981 out of 999 scrambles were conducted against Chinese and Russian military aircraft.

Japan Scrambles Fighter Jets 999 Times in 2018 in Response to Foreign Aircraft
Credit: Japan Ministry of Defense

The Japan Air Self Defense Force (JASDF) scrambled its fighter jets 999 times against foreign military aircraft in fiscal year 2018, according to the Japan Ministry of Defense (MoD).

The number of scrambles was up from 904 in fiscal year 2017 and was the second highest on record. The peak year for JASDF sorties against foreign military aircraft remains 2016 with 1,168 reported sorties. Out of the 1,168 scrambles that year, 851 were Chinese.

Japanese fiscal years end in March.

In 2018, 64 percent of the total, or 638 scrambles were against Chinese People’s Liberation Army Air Force (PLAAF) and People’s Liberation Army Navy Air Force (PLANAF) aircraft, up from 500 the previous year.
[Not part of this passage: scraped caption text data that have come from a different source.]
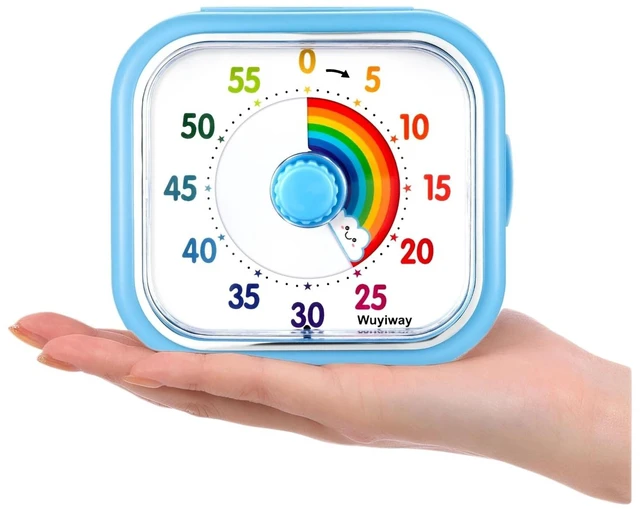Alt view image 6 of 7 - Visual Timer for Kids and Adults, Rainbow Disk 60 Minute Countdown Pomodoro Timer with Pause Function, Silent Time Management Tool, Analog Timer for Classroom, Home, Office (Blue Rainbow)
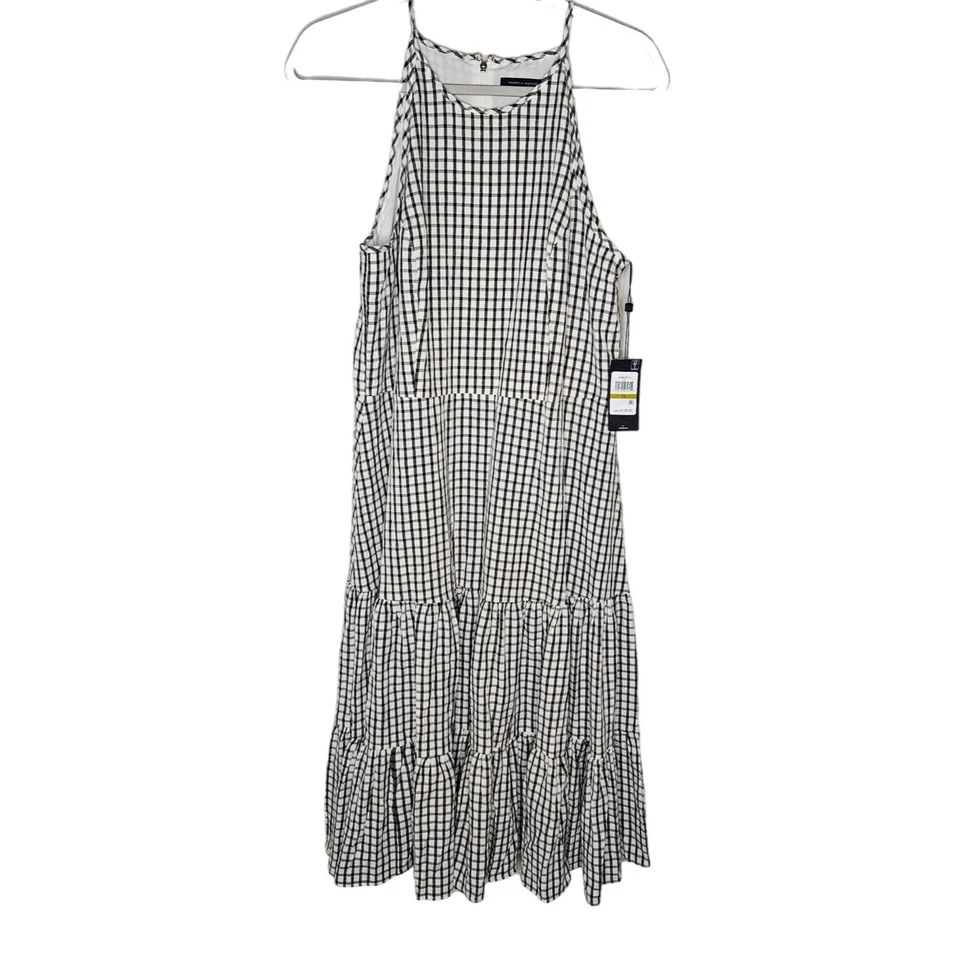 Tommy Hilfiger NWT Size 14 Checked Seersucker Tiered  Sundress Black White Midi - Image 1 of 4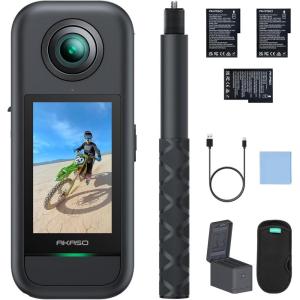 imageAKASO 360 Weatherproof 360 Action Camera Creator Combo 57K 360 Video with 12quot 48MP Sensors 72MP 360 Photo 360SuperSmooth Touchscreen Invisible Selfie Stick 360 Horizon Lock AI Tracking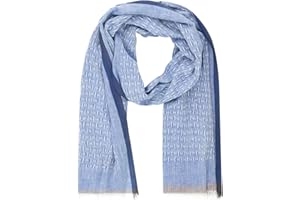 Lindenmann sciarpa/sciarpa tessuta uomo 100% cotone, sciarpa da uomo, blu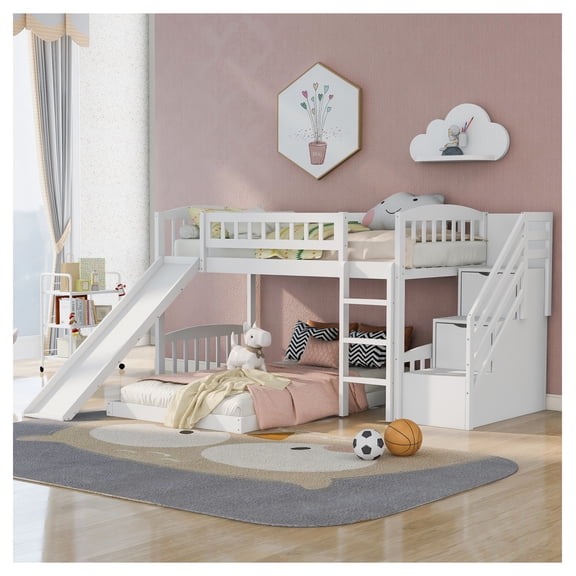 Stairway Twin Over Twin Bunk Bed with Slide & 2 Drawers, White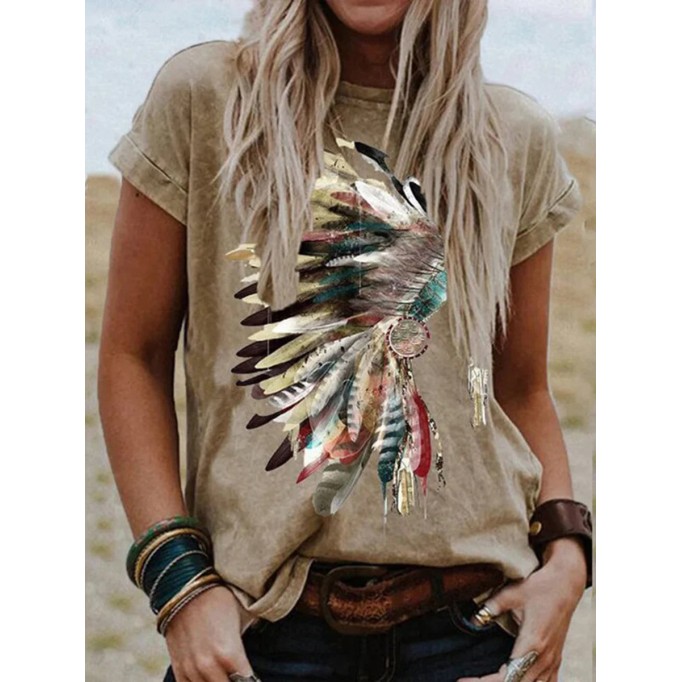 Indian Headdress Print Crew Neck T-Shirt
The JASDF conducted a total of 343 scrambles, or 34 percent of the total against Russian military planes, down from 390 in 2017.

The JASDF is confronted by a pending shortage of fighter aircraft as the service has doubled the number of fighters dispatched for each intercept of foreign military planes from two to four in 2016. The JASDF uses Mitsubishi F-15J/Kai all-weather air superiority fighters, F-2 multirole fighter jets, a Mitsubishi license-produced variant of Lockheed Martin’s F-16, and F-4EJ/RF-4 Phantom II fighter aircraft to conduct scrambles.

On April 1, the PLANAF sent two Xian H-6G maritime strike bombers and one Shaanxi Y-9JB (GX-8) electronic warfare and surveillance aircraft through international airspace between the Japanese islands of Okinawa and Miyako in the East China Sea. On March 30, the PLAAF dispatched four Xian H-6K long-range bombers, one Tupolev Tu-154MD electronic intelligence plane, and at least two fighter jets, along the same route.

PLANAF/PLAAF intercepts primarily took place in airspace close Okinawa and in the East China Sea. Chinese aircraft during long-range exercises usually transit the Miyako Strait — a principal entryway for the People’s Liberation Army Navy (PLAN) into the Pacific Ocean.

Russian military aircraft conduct most of their missions along the eastern rim of the Sea of Japan and north of Hokaido. Russian long-range bombers have also periodically circumvented the main Japanese islands during long-range patrols.

The JASDF last scrambled fighter jets in March to intercept a Russian Navy Ilyushin Il-38N “Dolphin” maritime patrol and anti-submarine warfare aircraft over the Sea of Japan. In February, Japanese fighters conducted a scramble against four nuclear-capable Russian Tupolev Tu-95MS strategic bombers and four Sukhoi Su-35S (Flanker-E+) multirole fighter jets flying in two separate formations over the east and west coasts of Japan.

Russia’s military activities in East Asia have not been without casualties in 2019.

“A pair of Su-34 fighter-bombers crashed into the Sea of Japan after reportedly colliding with each other off the coast in Russia’s Far East on January 18 (…),” I reported in February. “Additionally, a Russian Air Force Tupolev Tu-22M3 supersonic bomber crashed at Olenegorsk airbase, in Russia’s northwestern region of Murmansk killing three crew members, on January 22.”